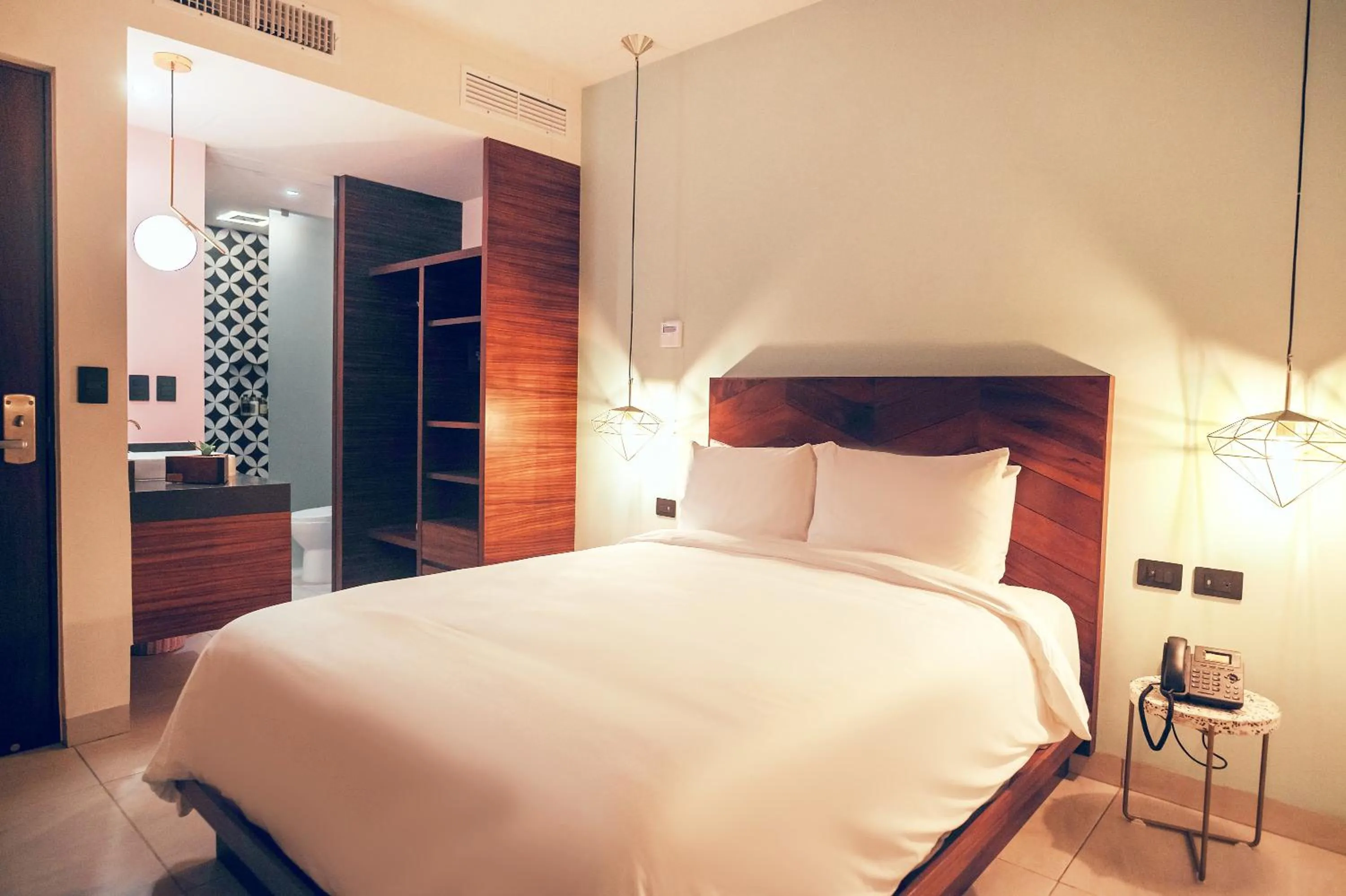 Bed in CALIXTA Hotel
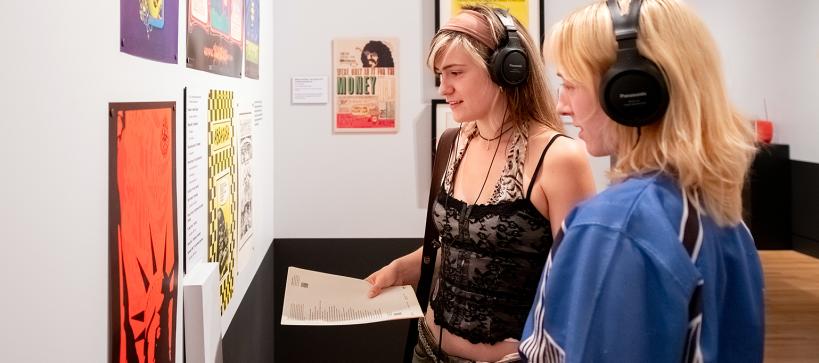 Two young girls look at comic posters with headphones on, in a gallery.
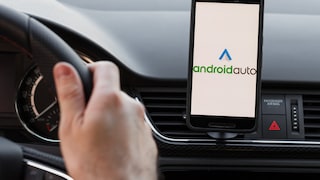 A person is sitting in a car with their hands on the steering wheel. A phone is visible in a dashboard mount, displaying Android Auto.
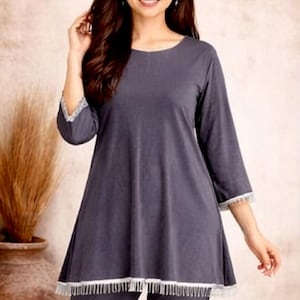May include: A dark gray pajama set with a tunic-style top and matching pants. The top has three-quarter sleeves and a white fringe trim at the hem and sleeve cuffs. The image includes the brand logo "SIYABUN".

^^^^

§ What you will do: Every line above should be returned exactly; the pictures stay out.

§ Result:
 Bed in CALIXTA Hotel
 Two young girls look at comic posters with headphones on, in a gallery.
 A person is sitting in a car with their hands on the steering wheel. A phone is visible in a dashboard mount, displaying Android Auto.
May include: A dark gray pajama set with a tunic-style top and matching pants. The top has three-quarter sleeves and a white fringe trim at the hem and sleeve cuffs. The image includes the brand logo "SIYABUN".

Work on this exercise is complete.